Even though the stock market has rightly been called the triumph of the optimists, with bulls stomping bears over and over for one hundred years, stock market bears not only haven't gone away, but they generally have the most compelling arguments. Their points seem so damn plausible, level-headed, empirical, and reasonable, while bulls come across as starry-eyed idealists.
Let's consider some reasons why that might be:
- Things fail more often than they succeed. Pace availability heuristics, it is easier to think of examples of things failing than succeeding, so it gives bears more fodder.
- Bears have the past, and bulls have the future. Bears get to argue from data, while bulls argue from what might happen.

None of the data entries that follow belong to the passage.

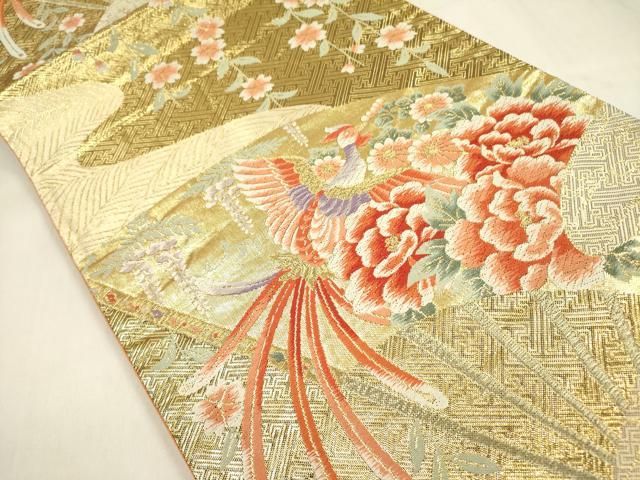 洗練された草花模様　黄金ムガ蚕　正絹六通高級袋帯 平和屋着物◎本佐賀錦 六通柄袋帯 唐織 扇面鳳凰花文 金糸 正絹 逸品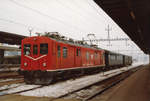 EBT/SMB: Ersatzzug nach Moutier mit De 4/4, Stahl B (ehemals SBB) und BD im Februar 1984 in Solothurn-HB.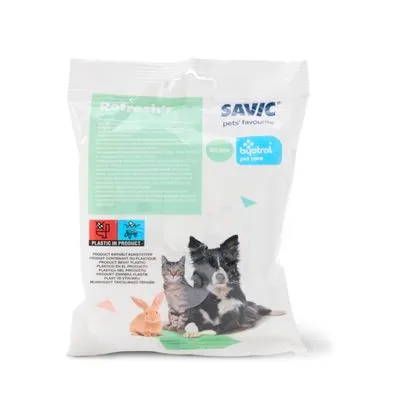 Verpakking Savic biobrol pet care, zichtbaar: hond, kat, konijn, tekst 'PLASTIC IN PRODUCT', gewicht 850 gram, merknaam Savic en biobrol duidelijk leesbaar.
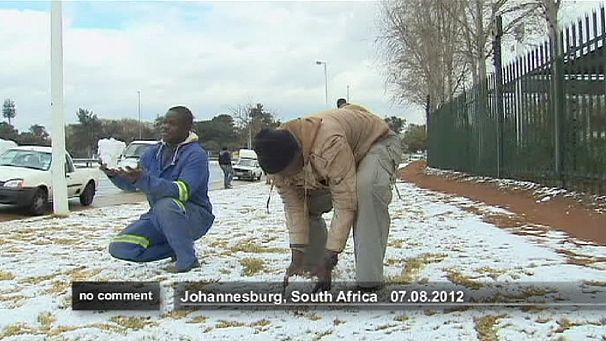 Surprise snow in Johannesburg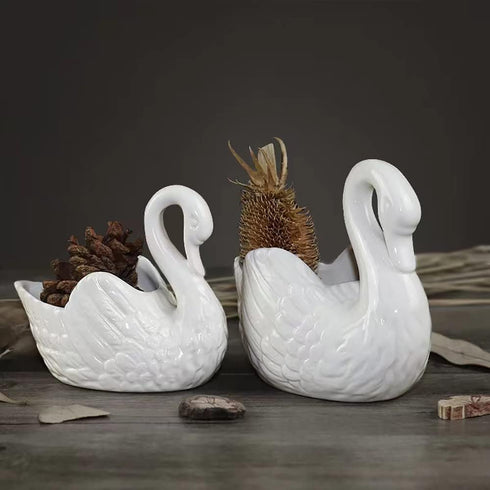 White Ceramic Swan Flowerpot, Medium Temperature Porcelain, Succulent Flowerpot, Pack of 2, Candle Holder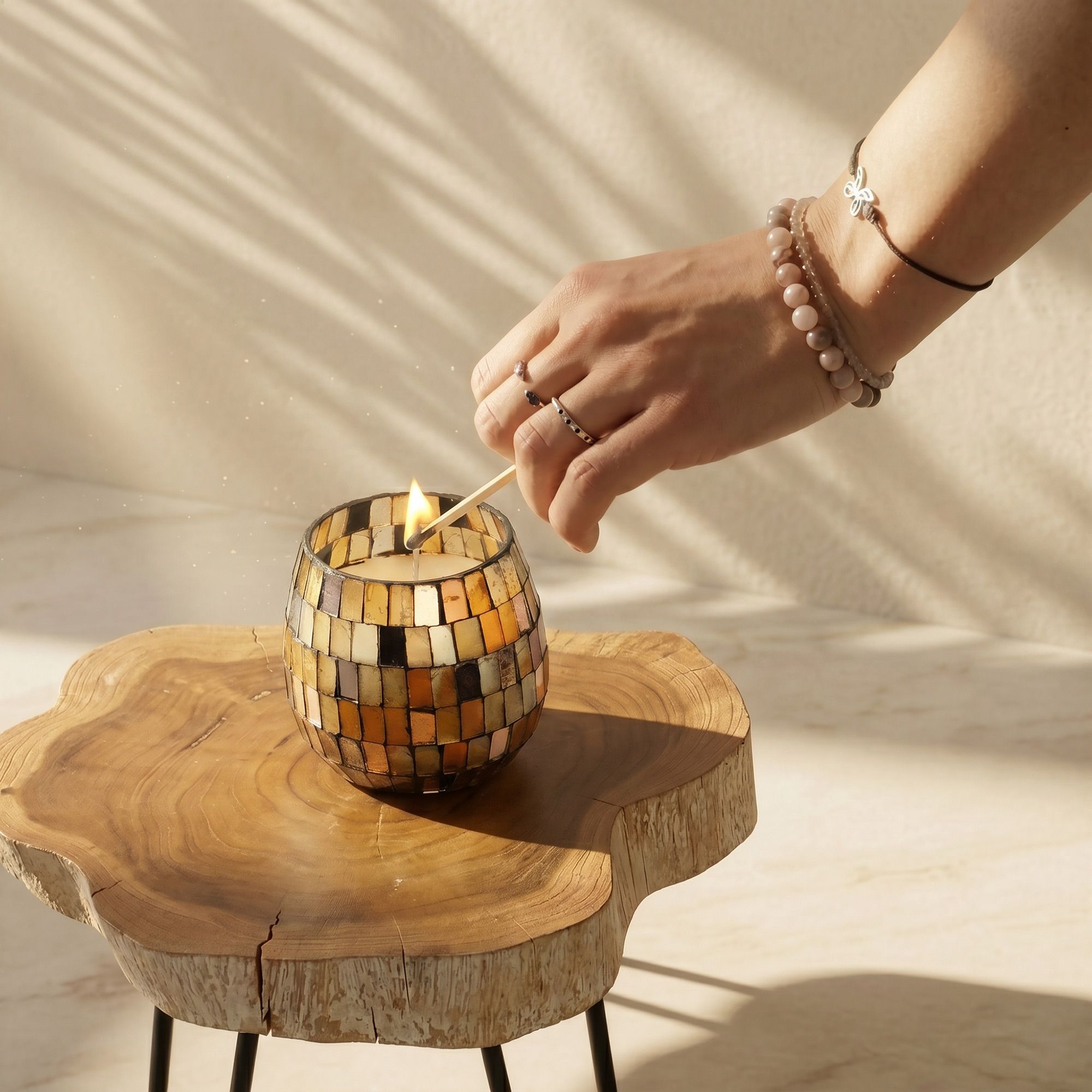 Small Glass Jar Candles - Amber Mosaic - Image 7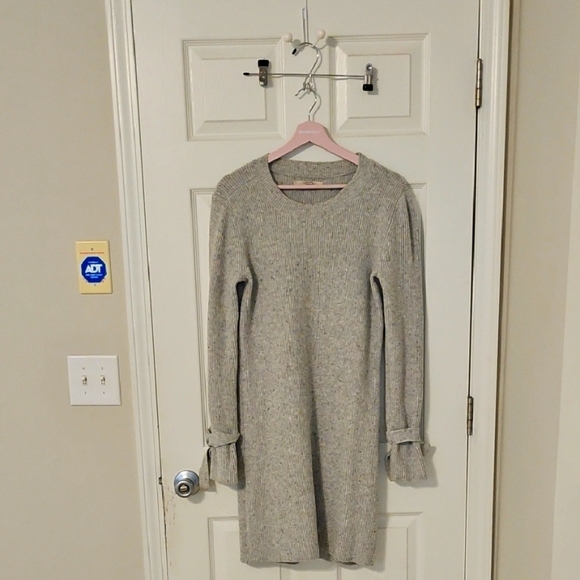 LOFT Gray Long Sleeve Sweater Dress - Picture 1 of 5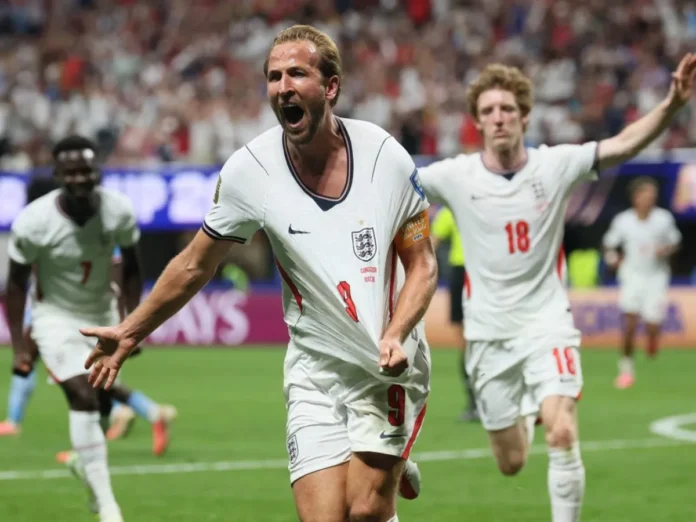 Harry Kane celebra su victoria con Inglaterra.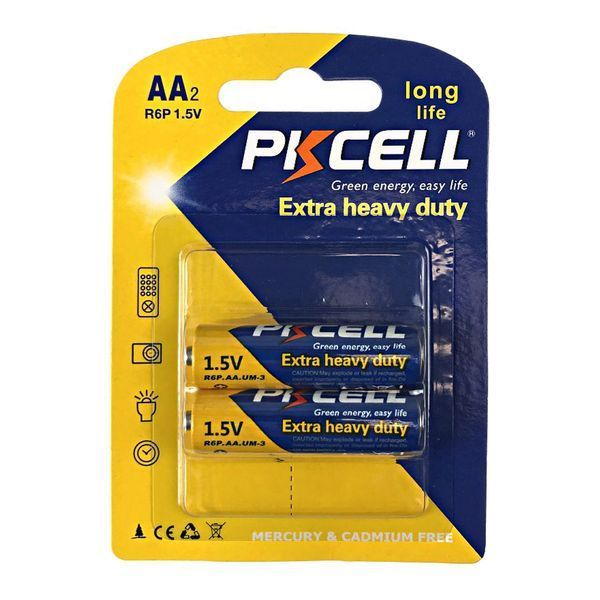Комплект з 20 батарейок PKCELL Extra Heavy Duty AA R6P 1.5V по 2шт./блістер 2554521 фото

- Apocalypse is seductive. There is something about the thought of imminent mass ruin that really gets people's attention, as has happened with the overdone coverage (hello, Matt Drudge!) of the current credit problems in the market.
- There is a Puritanical urge in America wherein people want to believe they (or better yet, their neighbors) will be punished for their prior success, etc., so it stands to reason that stocks will punish people after they make them a lot of money.
- Bears have been generally wrong for so long that they have to know how to tell better stories.
Feel free to add more. You too, Barry.
[Update] A few people (in email etc.) are missing the point, in part. Essentially I'm arguing that bears have influence disproportionate to their accuracy, and I want to noodle why that might be.